On July 23, 2002 12:36 am, William Lee Irwin III wrote:
> On Mon, 22 Jul 2002, William Lee Irwin III wrote:
> >> The pte_chain mempool was ridiculously huge and the use of mempool for
> >> this at all was in error.
>
> On Mon, Jul 22, 2002 at 03:36:33PM -0700, Craig Kulesa wrote:
> > That's what I thoguht too -- but Steven tried making the pool 1/4th the
> > size and it still failed. OTOH, he tried 2.5.27-rmap, which uses the
> > *same mempool patch* and he had no problem with the monster 128KB
> > allocation. Maybe it was all luck. :) I can't yet see anything in the
> > slablru patch that has anything to do with it...
>
> While waiting for the other machine to boot I tried these out. There
> appear to be bootstrap ordering problems either introduced by or
> exposed by this patch:

I would vote for ordering. The slab init code was changed to initialize
new fields... Allocating memory for slabs is another story.
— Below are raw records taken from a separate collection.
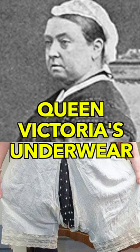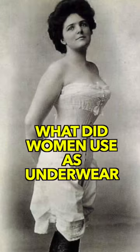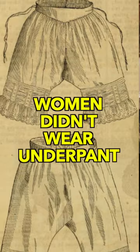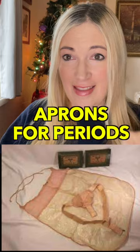Let's talk about Queen Victoria's underwear — Victorian underwear in general. What did women wear for underwear back in the day? Underwear is a relatively new thing because women would put all kinds of things on: their corsets, or stays as they called them, bloomers, and aprons for that time of the month where they would pin things inside. Underwear didn't exist.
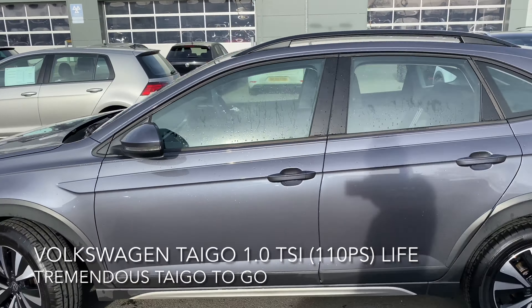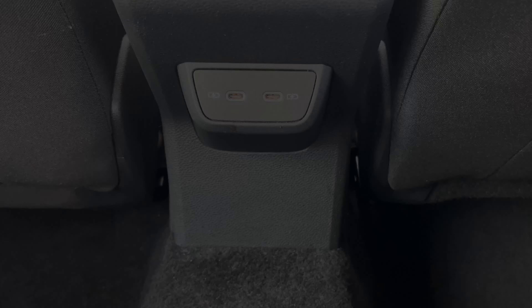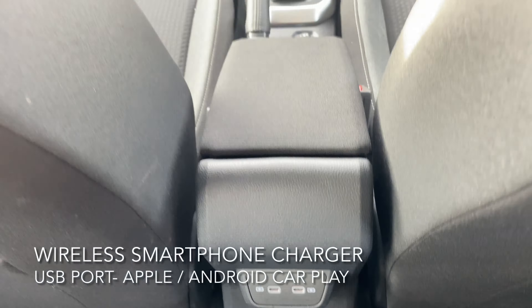Here we have a Volkswagen Taigo — a one litre TSI Life, 110ps. The car is a real standout and it has a good spec as well, including a driving assistant pack, lane assist, park assist, front and rear parking sensors, a multi-function front-facing camera, hill start assist, travel assist, alongside these 16 inch Everett alloy wheels.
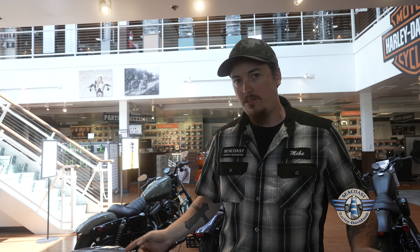Hey everybody, it's Mike down at Seacoast Harley-Davidson again. Got another video for you. Harley-Davidson's Screaming Eagle has signed with Öhlins Performance for rear shocks. These are going to be the remote reservoir style shocks for the baggers.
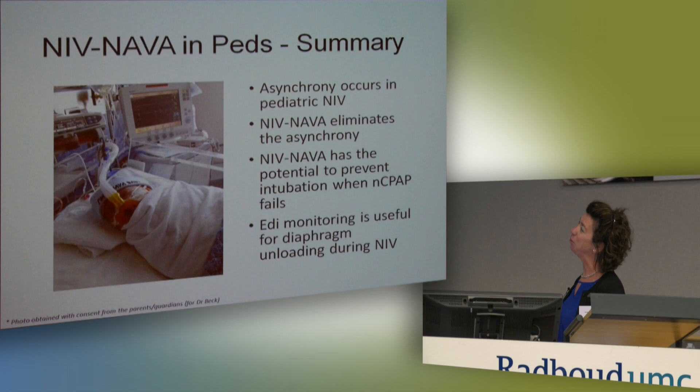In summary: asynchrony occurs in pediatric NIV; non-invasive NAVA eliminates that asynchrony — down to 2%; non-invasive NAVA has the potential to prevent intubation when nasal CPAP fails; and EDI monitoring is useful for assessing diaphragm unloading during non-invasive ventilation.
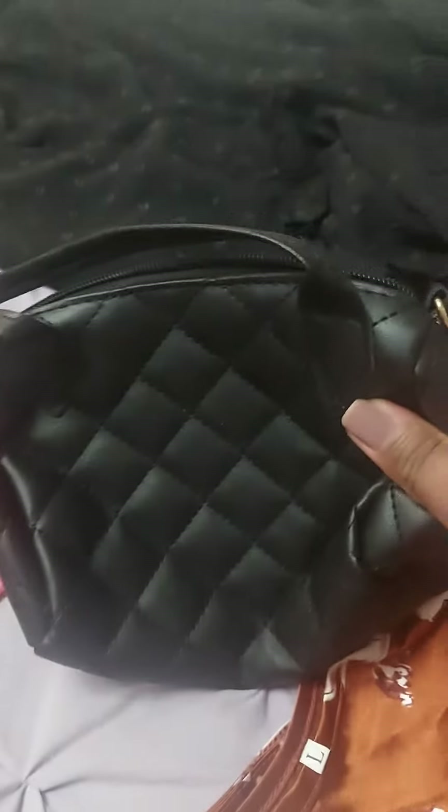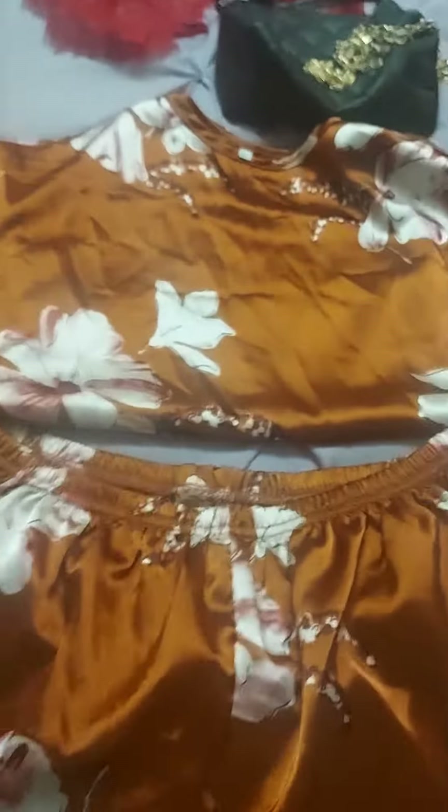I got this little mini purse and it comes with a gold chain. This right here is a sleepwear set — it's really cute.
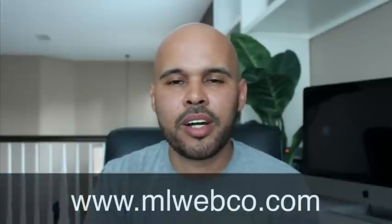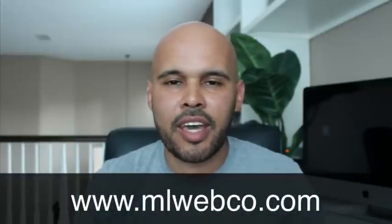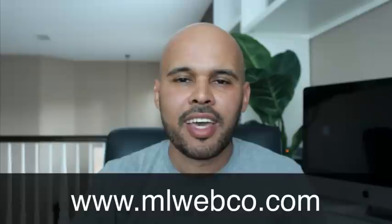Hopefully the stuff I mentioned in this video is helpful — some tips, some pointers. If you enjoyed it, leave me a comment and hit the like button if you like the stuff I talk about. If you have not subscribed to my YouTube channel, please do so. Always visit my website, mlwebco.com. Check out the stuff I have there, including my web design training course. Use the contact link on my website and I'll be happy to answer any questions. Thanks for watching — as always, more videos to come. We'll be talking soon. Peace.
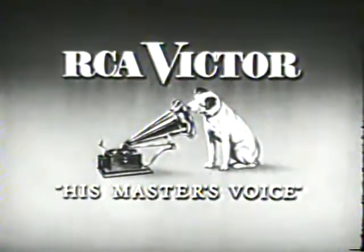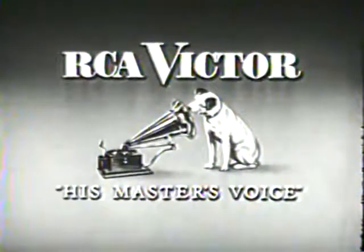And remember, every year more people buy RCA Victor than any other television.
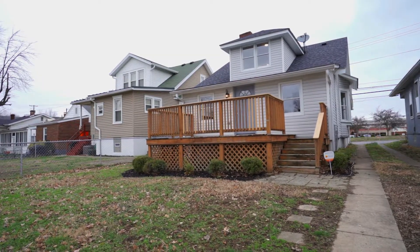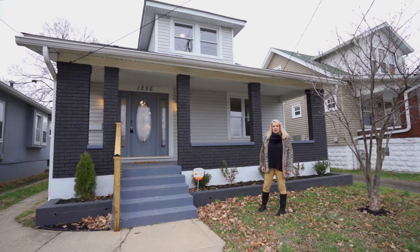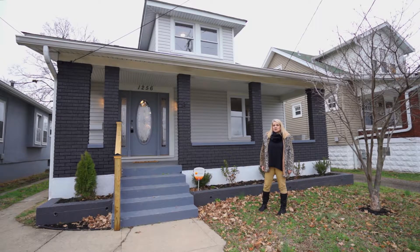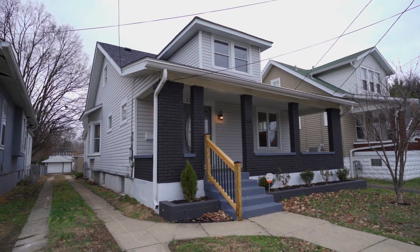You can also walk right down the street one-tenth of a mile to the local coffee shop. So there's four bedrooms, two full baths, first floor master, first floor laundry, a garage, and a basement.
They depend on
the lru lists and the pagemap_lru_lock being setup... Has this happened
when slab storage is initialized? If not a call to do this in the slab init logic
would fix things. It could also be fixed using this fragment (slab.c):

+ /*
+ * We want the pagemap_lru_lock, in UP spin locks to not
+ * protect us in interrupt context... In SMP they do but,
+ * optimizating for speed, we process if we do not get it.
+ */
+ if (!(cachep->flags & SLAB_NO_REAP)) {
+#ifdef CONFIG_SMP
+ locked = spin_trylock(&pagemap_lru_lock);
+#else
+ locked = !in_interrupt() && spin_trylock(&pagemap_lru_lock);
+#endif
+ if (!locked && !in_interrupt())
+ goto opps1;

If there is some way to verify that the pagemap_lru_lock is ready. Note its
fine to just set locked to 0 and proceed - as long as this condition does not
last forever. Also this code is in a fastpath so efficient is good...

Thoughts?
Ed Tomlinson




2002-07-23 14:31:21

by Steven Cole

[permalink] [raw]
Subject: Re: [PATCH 2/2] move slab pages to the lru, for 2.5.27

On Mon, 2002-07-22 at 16:36, Craig Kulesa wrote:
>
> On Mon, 22 Jul 2002, William Lee Irwin III wrote:
>
> > The pte_chain mempool was ridiculously huge and the use of mempool for
> > this at all was in error.
>
[snipped]
>
> in dquot.c. It'll be tested and fixed on the next go. :)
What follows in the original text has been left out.